Now, for those of you who’ve been living under a rock, I’ll recap the show’s premise real quick: “The O.C.” is a deliciously soapy, quintessential teen drama set in Orange County, California. It’s about Ryan Atwood (Ben McKenzie), a smart guy "from the wrong side of the tracks," who gets caught stealing a car. The county appoints him a lawyer, Sandy Cohen (Peter Gallagher (LA'77)), who sees his kindred potential and takes him to live with his family in the wealthy community of Newport Beach. A typical fish-out-of-water story.
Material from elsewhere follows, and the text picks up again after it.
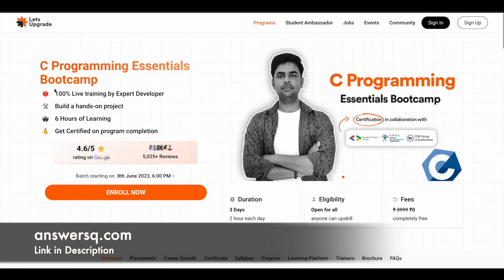Now let's move on to those seven courses. First one is C Programming Essentials Bootcamp. Let me tell you what is common for all the courses we'll be seeing in this video. All these courses are 100% live training programs where you can learn from expert developers, interact with them, and work on projects for practical learning experience. There are around five to six hours of learning content, and you can get a certification after completing the program. All these are three-day training programs where you spend two hours each day. Anyone can enroll — there is no restriction. The actual price is 3999, but currently they are offering it completely free.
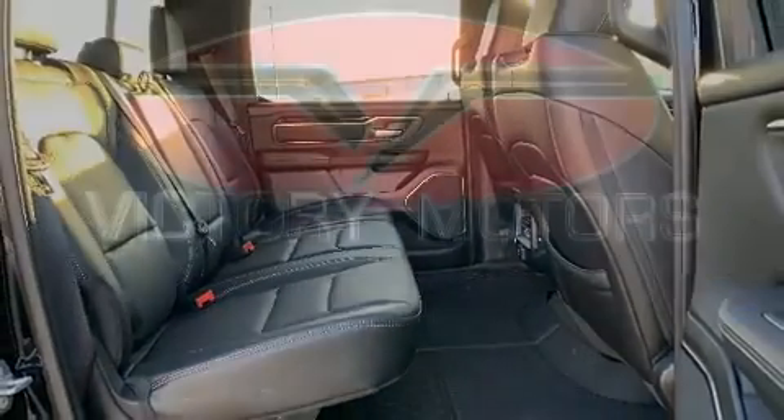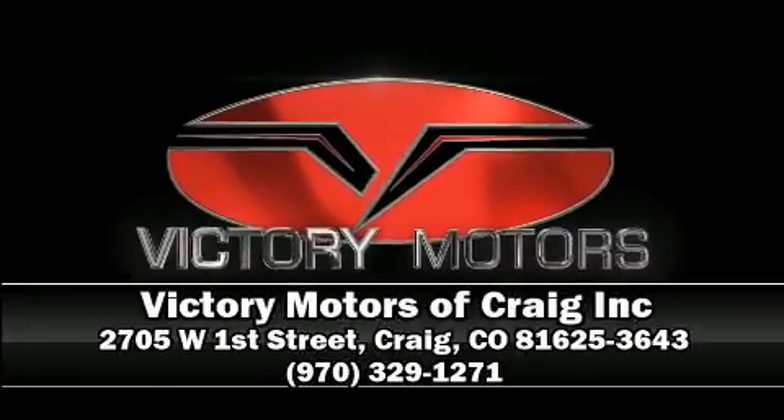We'd also be happy to help you arrange financing for your vehicle. Stop in and take a test drive.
So, where does Seth (Adam Brody) come in? Well, he’s Sandy’s son. Seth has this neurotic, yet self-assured personality that speaks to my soul but doesn’t really fit in in Orange County. He’s an avid sailor who loves comic books and has a toy horse named Captain Oats to whom he confides his secrets. He’s quick with his quips but never hurtful. He’s the sole inventor of Chrismukkah and a total loner until Ryan arrives.
As you can tell, Ryan and Seth are two very different teen heartthrobs. But their dynamic as two brothers is the driving force of the series. Regardless, the question remains: Who is the protagonist of this story? Well, to answer such a tough question, we have to conduct an investigation.
If we’re talking about who had the emotional backbone to hold the "core four" friend group together, Seth takes the cake. While he may not have as much skeletal support as Ryan to be the group’s physical backbone, his self-deprecating sarcasm usually keeps his friend group together through thick and thin. As the series progresses, all the characters get funnier because Seth's humor has rubbed off on them. He also has many creative pursuits — ultimately attending the Rhode Island School of Design to study illustration — and a great taste in music — his favorite band being Death Cab For Cutie. Ryan, on the other hand, listens to, like, one song by Journey throughout the show.
In terms of romance and drama, I’d say it’s nearly tied. After all, Ryan’s life is drenched in drama. Throughout the series, he ends up cage fighting, crashing a car, moving back to Chino and losing Melissa because (spoiler alert) she dies. In a way, his drama extends to the afterlife. Seth and Summer (Rachel Bilson), however, have this "When Harry Met Sally" (1989) type of relationship that you can’t help but root for. They both have toy horses — Captain Oats and Princess Sparkle — who are basically also a couple.
The choice is pretty clear. While we do follow Ryan’s story and how his arrival changes this rich town of Newport Beach, Seth brings a unique flavor to the television that assures his status as the show's true protagonist.